Add some real EBCDIC testing #656

NWilson · 2025-01-07T11:30:58Z

Part of #655

We currently don't have any testing in CI whatsoever for the EBCDIC code. I know it's obscure, but I feel it ought be tested at least a little before we put out a release.

I'm making it so that you can now compile a version of the PCRE2 libraries which fully-support EBCDIC, on any platform, with any compiler.

This lets us now write some proper EBCDIC tests and run them in CI.

NWilson · 2025-01-13T09:40:18Z

I've been undecided about what's the best test suite to run on the EBCDIC build.

Here's my decision: I want to run the full test suite (1 to 27), but obviously there will be some failures. I'll introduce a new "#ifndef EBCDIC" directive in the test input/output files, to mask out the specific tests that fail in EBCDIC mode. These will be ones of the form does [\x10-\x60] match 'A' and similar things.

I basically don't want to add a new "testoutputN-EBC" for every testoutput file (too verbose when writing tests). Nor do I want to just skip all the existing tests. Nor can we somehow maintain a list of "expected failures" under EBCDIC.

I'll also rename the existing "testinputEBC" to "testinput28" and just make it conditional the EBCDIC build, in the same way that lots of existing tests are conditional on build properties.

zherczeg · 2025-01-13T09:58:53Z

Is it possible to really test EBCDIC on ASCII? I hope this will not make our life difficult.

NWilson · 2025-01-13T10:02:22Z

Yes, it's totally possible. It's in the PR currently, I just haven't updated the RunTest script to get all the tests passing.

It's also necessary to test the EBCDIC code - I just don't feel comfortable shipping lines of code that we haven't compiled or tested.

NWilson · 2025-02-05T17:48:36Z

@zherczeg I'm proud that I managed to make some changes to the JIT code in this PR!

I reckon the EBCDIC code has never been tested well.
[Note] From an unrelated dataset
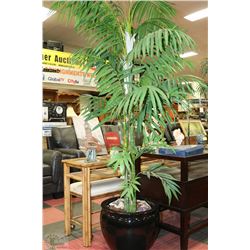 LARGE SHOWHOME FLOOR PLANT ON CHOICE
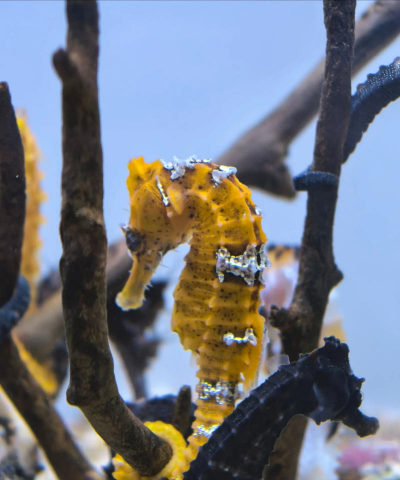 昆明斗南花卉市场价格，了解行情动态，掌握选购技巧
I wonder if anyone uses it at all :(

I have run the full test suite against it in this PR, with and without JIT, and uncovered numerous bugs.

This PR is huge - please be selective in what you review, and you don't need to look at every file! But I would appreciate a look at the JIT changes in particular, and maybe the small bugfixes I've done on the core compile.c and interpreter functions.

There is lots of spam in the testdata, and files like pcre2test.c. No need to look if you don't want to.

…c-test

zherczeg · 2025-02-06T05:26:45Z

src/pcre2_compile_class.c

@@ -1280,8 +1280,23 @@ while (TRUE)
    value of 1 removes vertical space and 2 removes underscore. */

    if (tabopt < 0) tabopt = -tabopt;
+#ifdef EBCDIC
+    {


Wrong indentation for braces.

zherczeg · 2025-02-06T05:28:56Z

src/pcre2_convert.c

@@ -188,7 +216,7 @@ while (plength > 0)
      switch (posix_state)
        {
        case POSIX_CLASS_STARTED:
-        if (c <= 127 && islower(c)) break;  /* Remain in started state */
+        if (ISLOWER(c)) break;  /* Remain in started state */


Usually the comparison with 127 is present, because it is compatible with utf8. Changing it to 256 might have side effects.

The ISLOWER macro is explicit above. The check for <127 is only needed if calling the C function islower(). In EBCDIC, the Latin alphabet occupies values >127.

zherczeg · 2025-02-06T05:31:34Z

src/pcre2_jit_char_inc.h

@@ -1966,9 +1966,9 @@ switch(type)
    detect_partial_match(common, backtracks);

  if (type == OP_NOT_HSPACE)
-    read_char(common, 0x9, 0x3000, backtracks, READ_CHAR_UPDATE_STR_PTR);
+    read_char(common, 0x1, 0x3000, backtracks, READ_CHAR_UPDATE_STR_PTR);


Maybe this could be changed to 0x0, since one byte utf8 characters may match.

I wasn't sure why there was a min/max at all. I change it to min=0x1, max=0x3000 to match some other calls in the file. What I do know is that the min/max values here need to chosen so that the HSPACE and VSPACE characters are included in the range, and in EBCDIC, \t is 0x5, which was causing test failures with the old code.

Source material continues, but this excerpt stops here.